## Task prompt
Under this line are the records; repeat exactly the lines starting at the one containing "Tactical Military Shirt" and ending at the one containing "Knixmax Botas de", omitting pictures.

━━━ Provided entries ━━━

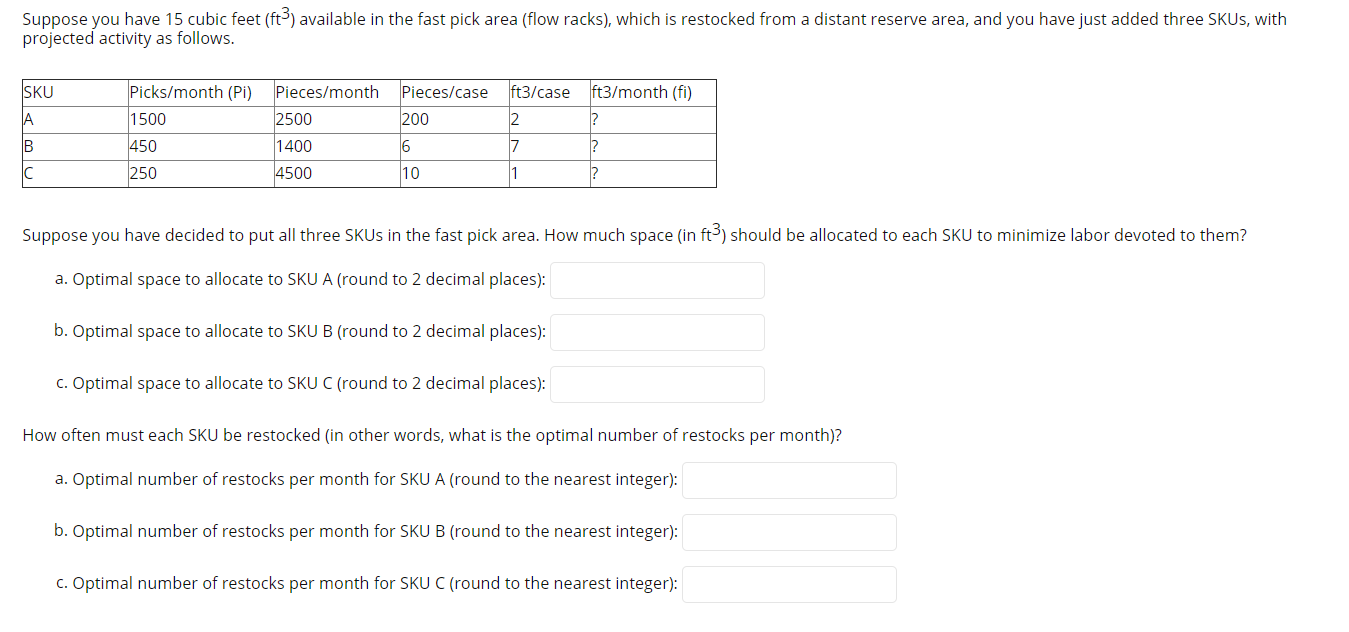 Suppose you have 15 cubic feet (ft3) available in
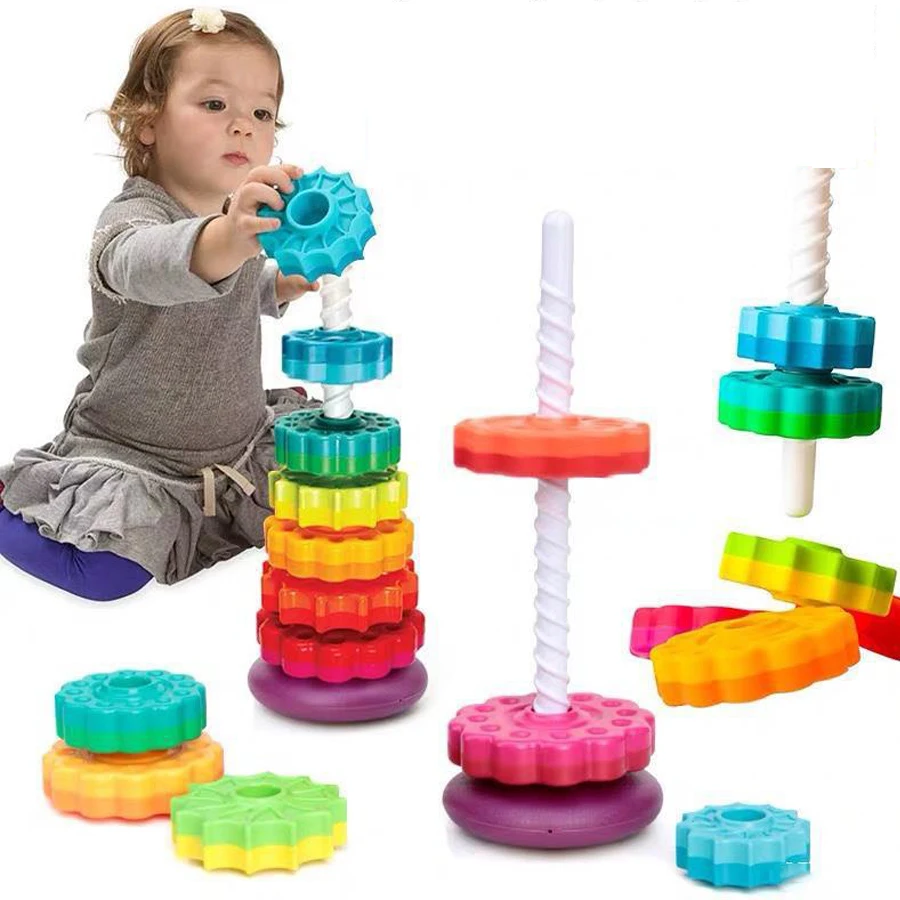 

Baby Stackable towers Rainbow spin Tower Toy big size Color Shape Montessori Educational games Stacking ring for babies girl boy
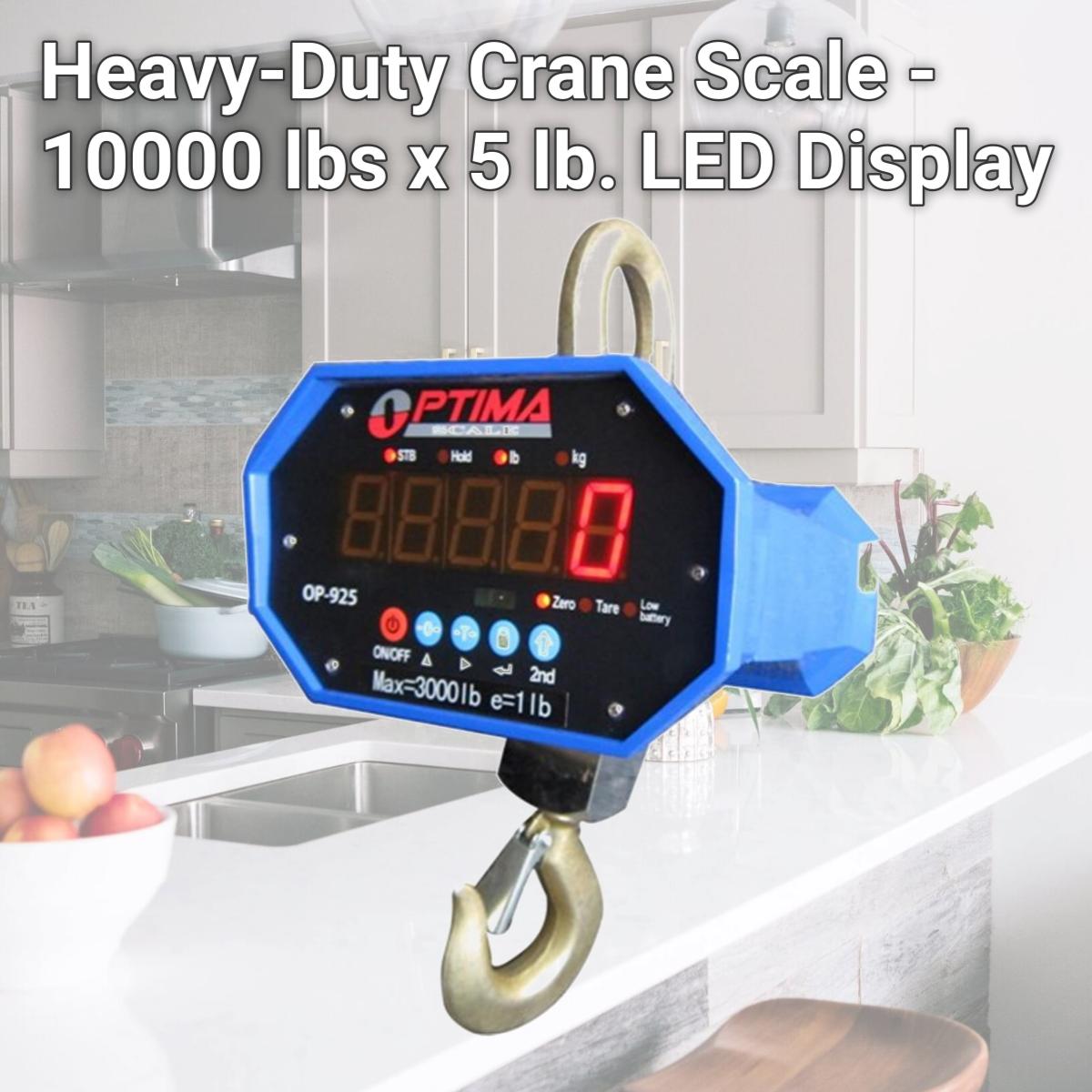 Picture of Optima Scales OP-925A-10000 Heavy-Duty Crane Scale - 10000 lbs x 5 lb. LED Display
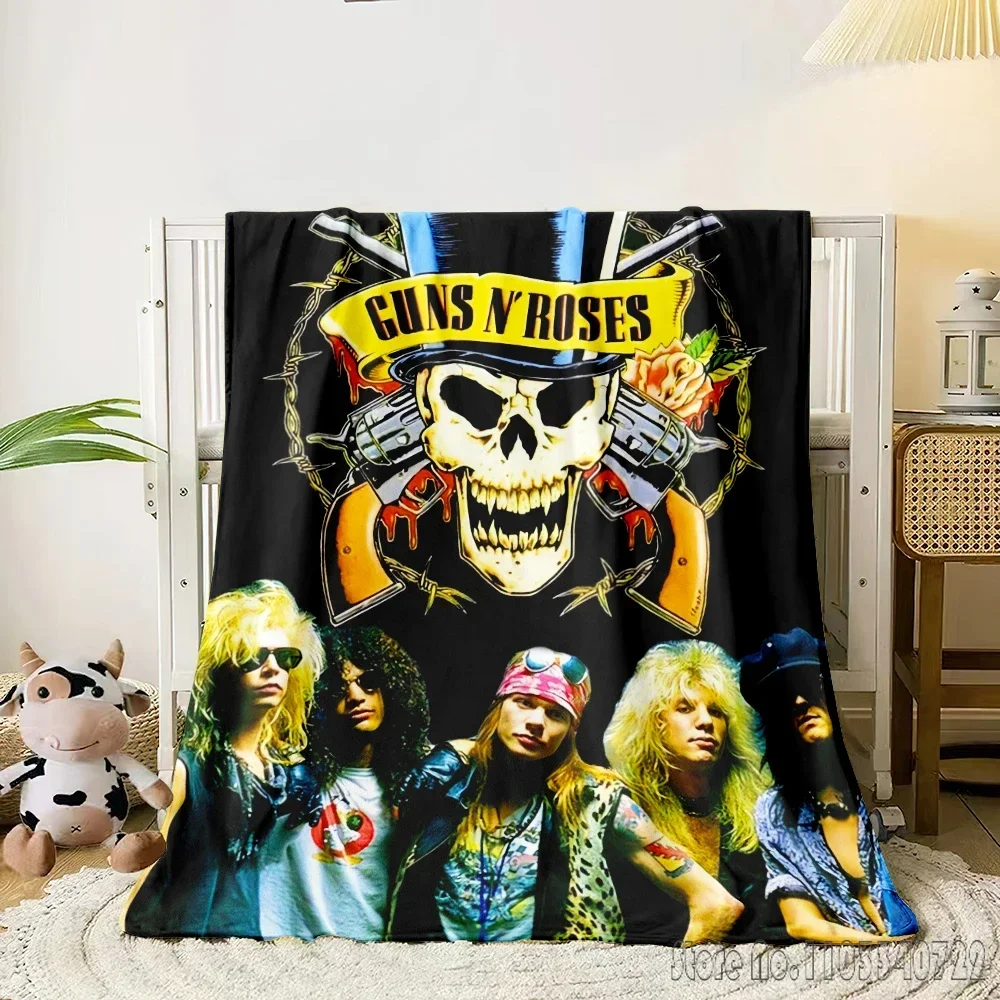 Guns N Roses Hard Rock Band 3D Printed Cute Kids Blanket Throw for Bed Sofa Decor Fleece Nap Blankets Boys Girls Children Gift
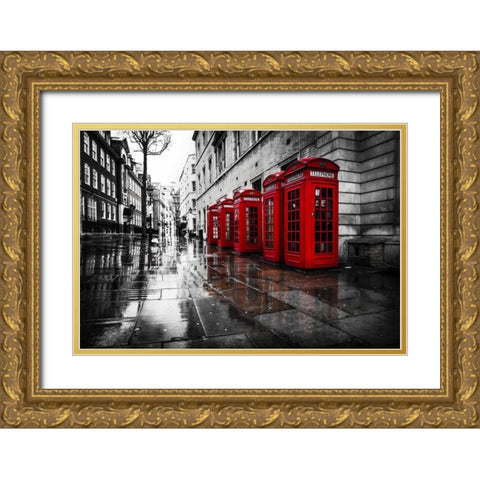 London Phone Booths Gold Ornate Wood Framed Art Print with Double Matting by Brown,Victoria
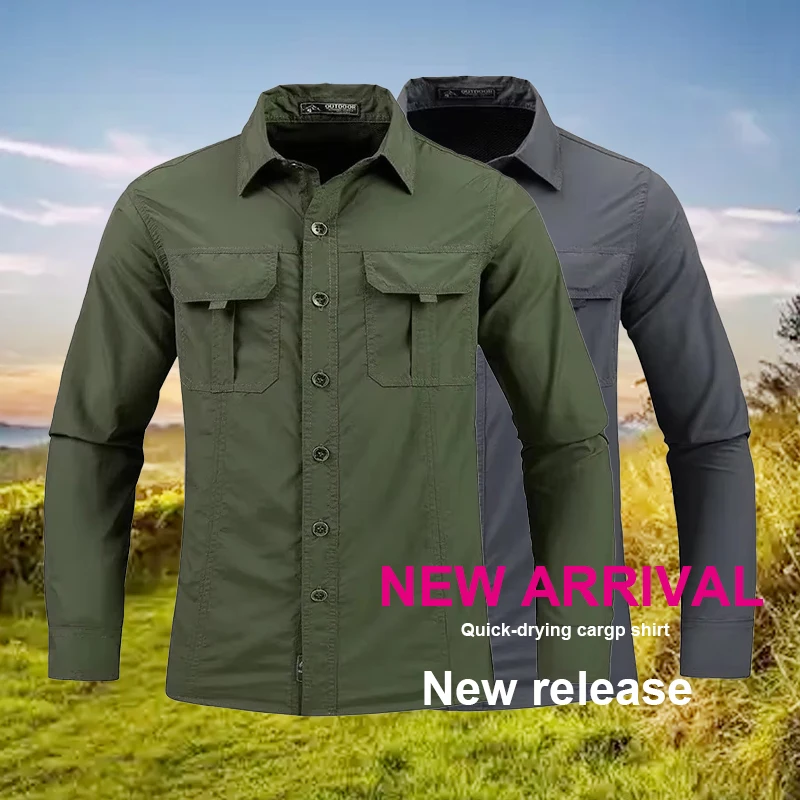 Tactical Military Shirt Cargo - 5XL 男性軽量速乾シャツ戦術カジュアル軍事長袖カーゴシャツ通気性スポーツ日焼け止めハイキングシャツ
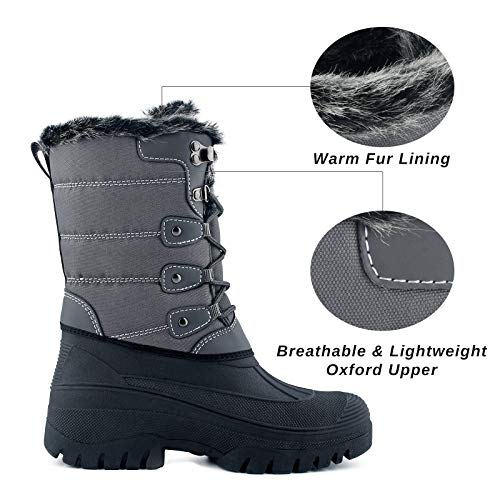 Knixmax Botas de Nieve para Mujer Botas de Invierno Forro Térmico Impermeables Antideslizante Cómodo Zapatos de Invierno Gris Sscuro EU40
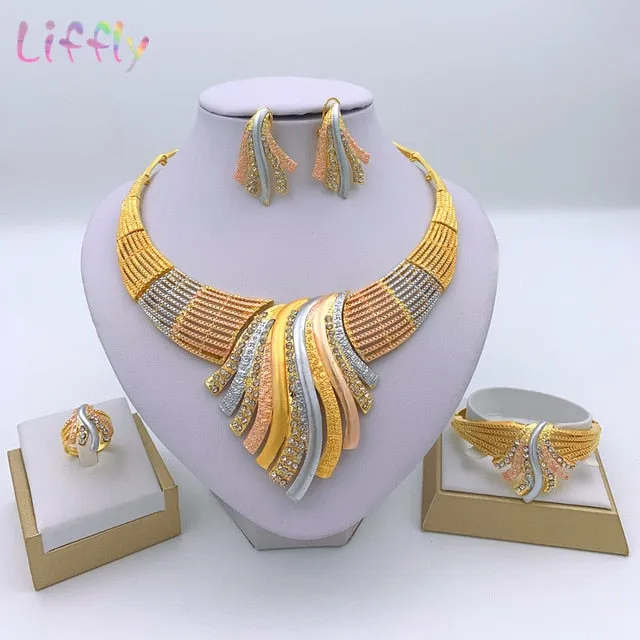 Liffly African Bridal Dubai Jewelry Sets Crystal Big Necklace Earrings Ring Bracelet Nigerian Women Fashion Wedding Gold Jewelry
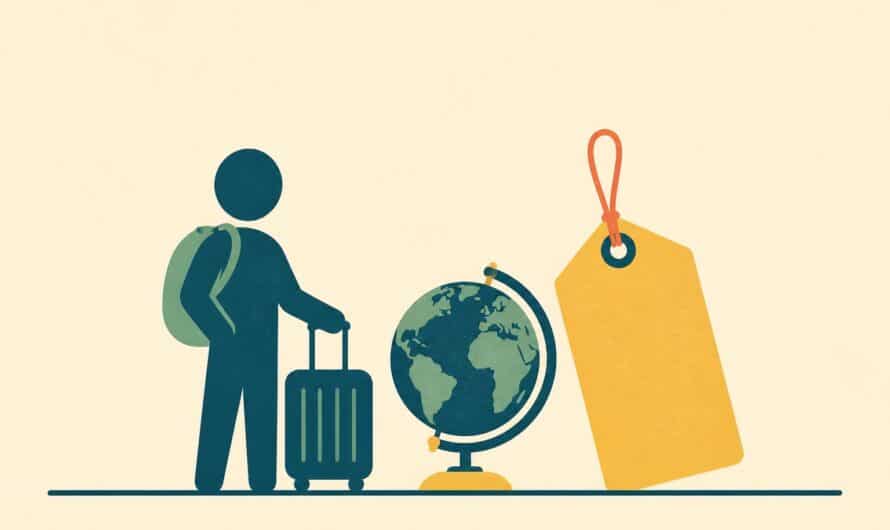 Illustration d’un expatrié avec une valise devant un globe et une étiquette de prix, mutuelle internationale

━━━

## Response area
 Tactical Military Shirt Cargo - 5XL 男性軽量速乾シャツ戦術カジュアル軍事長袖カーゴシャツ通気性スポーツ日焼け止めハイキングシャツ
 Knixmax Botas de Nieve para Mujer Botas de Invierno Forro Térmico Impermeables Antideslizante Cómodo Zapatos de Invierno Gris Sscuro EU40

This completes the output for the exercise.